(Data section)
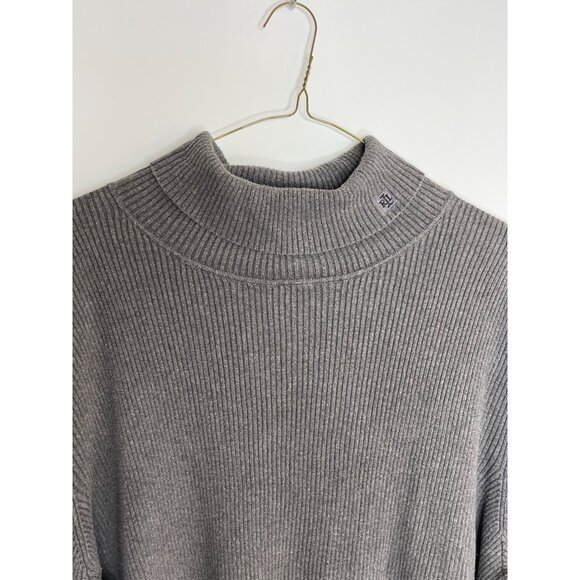 Lauren Ralph Lauren 100% Cotton Long Sleeve Ribbed Turtleneck Sweater Gray 3X - Picture 3 of 8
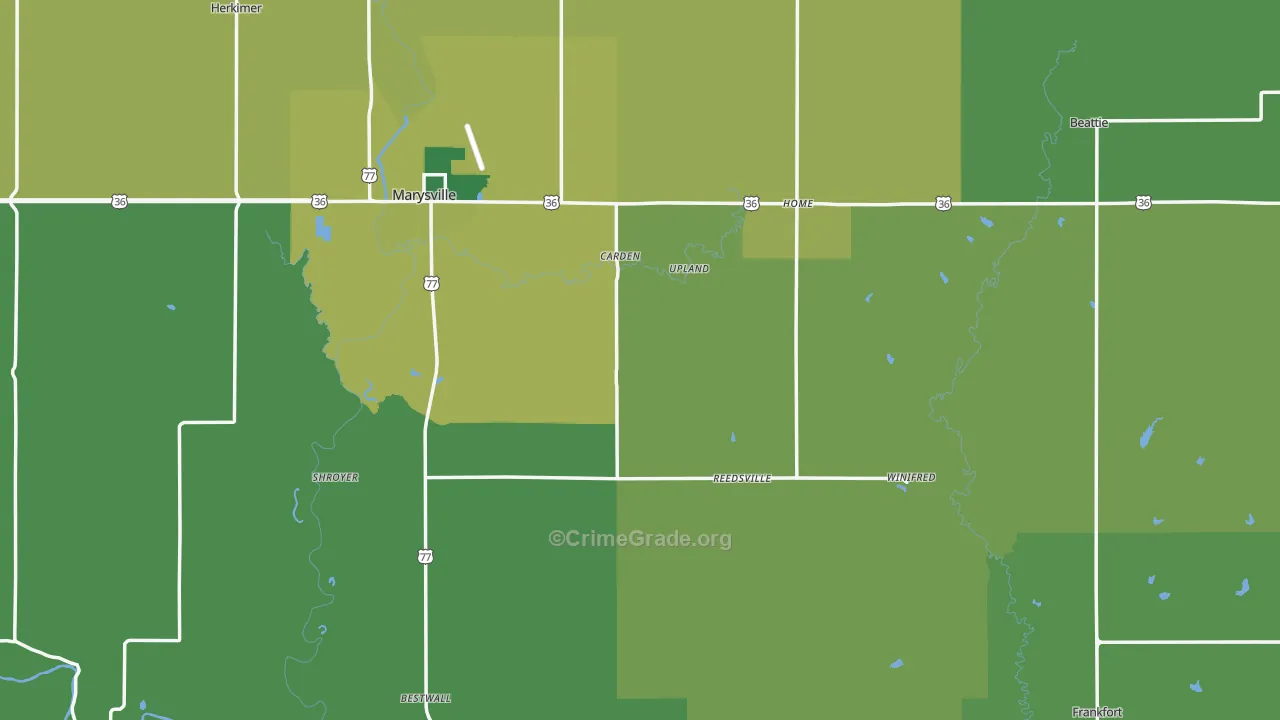 Marshall County, KS Map of Vehicle Theft Rates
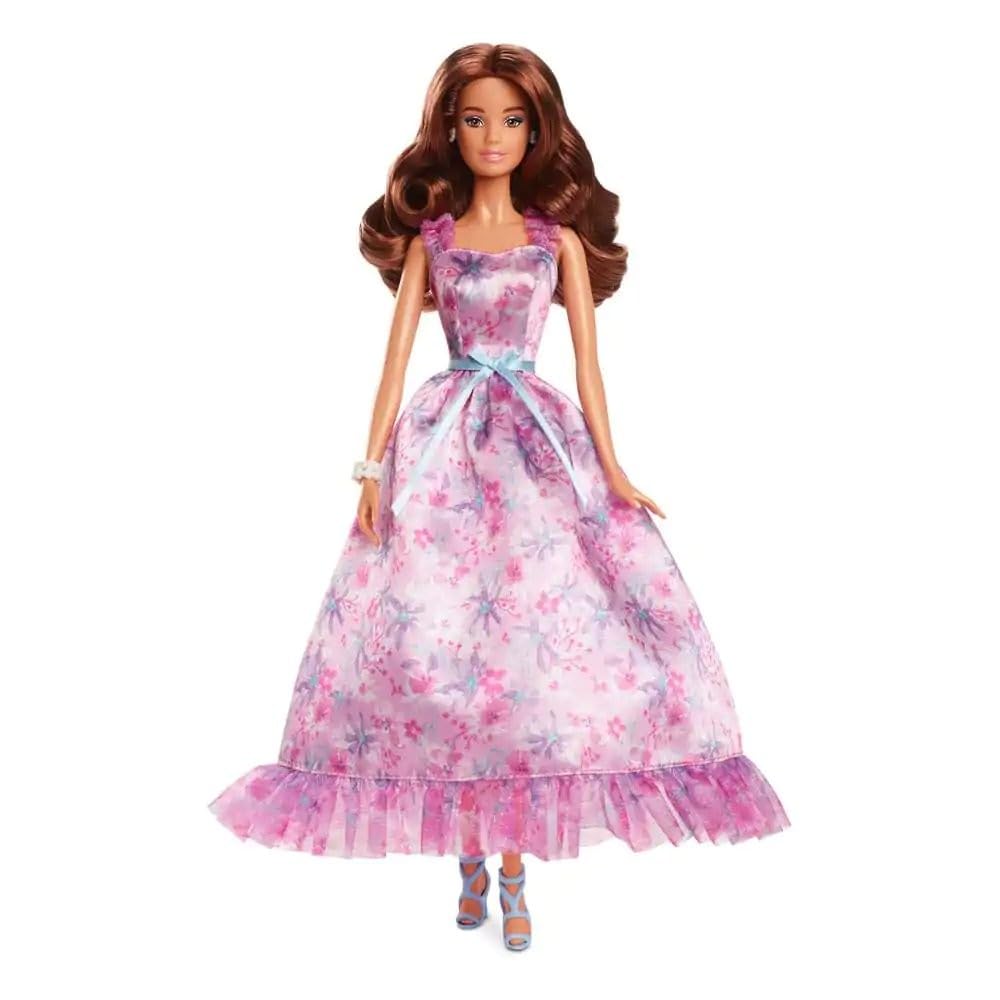 Mattel Original Licensed Barbie Signature Birthday Wishes Doll | Collectible Barbie in Lilac Satin Dress with Wavy Brown Hair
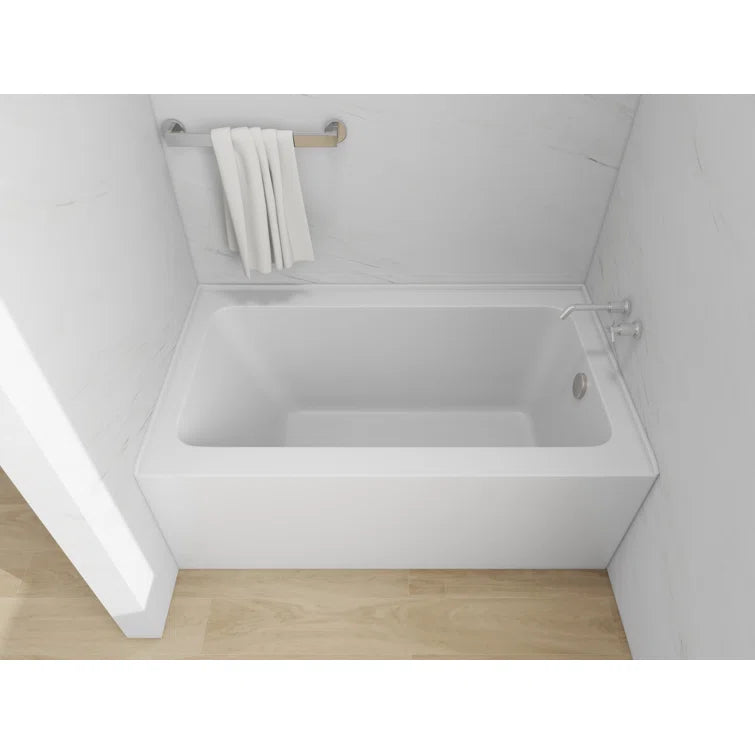Vanity Art 54"x 32" Pure White Alcove Soaking Tub with Overflow and Drain - B301M-Right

(Problem to work on) Take the lines of the material above from the first through the one containing "Mattel Original Licensed", both included, and print them exactly without the pictures.

(Answer to this task)
 Lauren Ralph Lauren 100% Cotton Long Sleeve Ribbed Turtleneck Sweater Gray 3X - Picture 3 of 8
 Marshall County, KS Map of Vehicle Theft Rates
 Mattel Original Licensed Barbie Signature Birthday Wishes Doll | Collectible Barbie in Lilac Satin Dress with Wavy Brown Hair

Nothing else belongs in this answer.